Workers were able to use liquid to help break up and move the waste because tank AX-101 is not one of the tanks suspected of leaking.

Leaking underground tanks

Two of Hanford’s single-shell tanks are known to be actively leaking, and in the past, as many as 67 single-shell tanks were suspected of leaking or spilling waste into the ground in central Hanford.

The waste moves through the soil toward the groundwater, which travels toward the Columbia River where it flows beside the plutonium production portion of the Hanford site.

While the tank farms operations workers have been emptying tank AX-101, construction workers have been preparing the next tank farm for retrieval, said Peggy Hamilton, retrievals manager for Washington River Protection Solutions.

Next to be tackled will be the A Tank Farm, where six underground tanks were built in the mid-50s. The AX and A Tank Farms are the two single-shell tank farms closest to the vitrification plant, which is being built and commissioned to turn much of the tank waste into a stable glass form for disposal.

Retrieval of tank A-101, which has mostly salt cake solids at about the same volume as AX-101, is planned to begin this month, thanks to the work already done by construction crews, including installing equipment and having electrical and water systems in place.

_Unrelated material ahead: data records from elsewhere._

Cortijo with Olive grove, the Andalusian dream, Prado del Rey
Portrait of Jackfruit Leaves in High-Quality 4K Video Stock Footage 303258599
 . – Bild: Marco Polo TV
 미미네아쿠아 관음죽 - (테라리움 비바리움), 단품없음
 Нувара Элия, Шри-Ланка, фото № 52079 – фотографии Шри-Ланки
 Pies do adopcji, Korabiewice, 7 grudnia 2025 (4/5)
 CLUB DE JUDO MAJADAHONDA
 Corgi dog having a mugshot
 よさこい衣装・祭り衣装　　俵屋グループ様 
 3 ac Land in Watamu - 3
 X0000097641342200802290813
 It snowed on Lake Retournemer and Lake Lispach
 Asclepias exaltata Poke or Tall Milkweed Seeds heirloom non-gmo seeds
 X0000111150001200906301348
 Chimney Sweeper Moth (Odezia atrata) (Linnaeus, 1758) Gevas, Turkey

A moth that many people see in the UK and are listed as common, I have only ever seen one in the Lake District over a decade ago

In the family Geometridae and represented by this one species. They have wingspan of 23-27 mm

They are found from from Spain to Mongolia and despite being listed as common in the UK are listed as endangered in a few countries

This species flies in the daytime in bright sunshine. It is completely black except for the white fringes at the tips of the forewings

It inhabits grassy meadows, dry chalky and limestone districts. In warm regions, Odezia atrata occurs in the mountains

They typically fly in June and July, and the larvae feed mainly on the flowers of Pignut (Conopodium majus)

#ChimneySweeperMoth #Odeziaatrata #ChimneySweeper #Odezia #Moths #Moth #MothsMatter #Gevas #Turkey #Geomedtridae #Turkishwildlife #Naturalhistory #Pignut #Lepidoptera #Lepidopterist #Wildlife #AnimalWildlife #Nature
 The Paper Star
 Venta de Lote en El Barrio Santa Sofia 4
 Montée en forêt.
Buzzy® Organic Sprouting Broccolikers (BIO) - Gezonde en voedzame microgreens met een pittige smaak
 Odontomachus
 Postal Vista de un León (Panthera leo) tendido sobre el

It is not an assumed or suspected leaker, but two of the A Farm tanks are. Both hold only small amounts of sludge.

Unlike the C Farm tanks, which were designed without airlift circulations, AX Tank Farms had 22 airlift circulators extending downward from the tank dome. Workers operating sluicing and other equipment from a remote control room had to carefully maneuver around them to retrieve waste.

Workers have been meticulous about managing hazards as the tank has been emptied, Noyes said.

They practiced operating a sluice around airlift circulators in a mock tank at the Hanford Cold Test Facility near Richland before starting to empty the tank.

The A Tanks have yet a different design, each with four airlift circulators attached to the floor, Hamilton said.

DOE’s next legal deadline for emptying tanks to regulatory standards is May 2028, when it must have five more tanks emptied.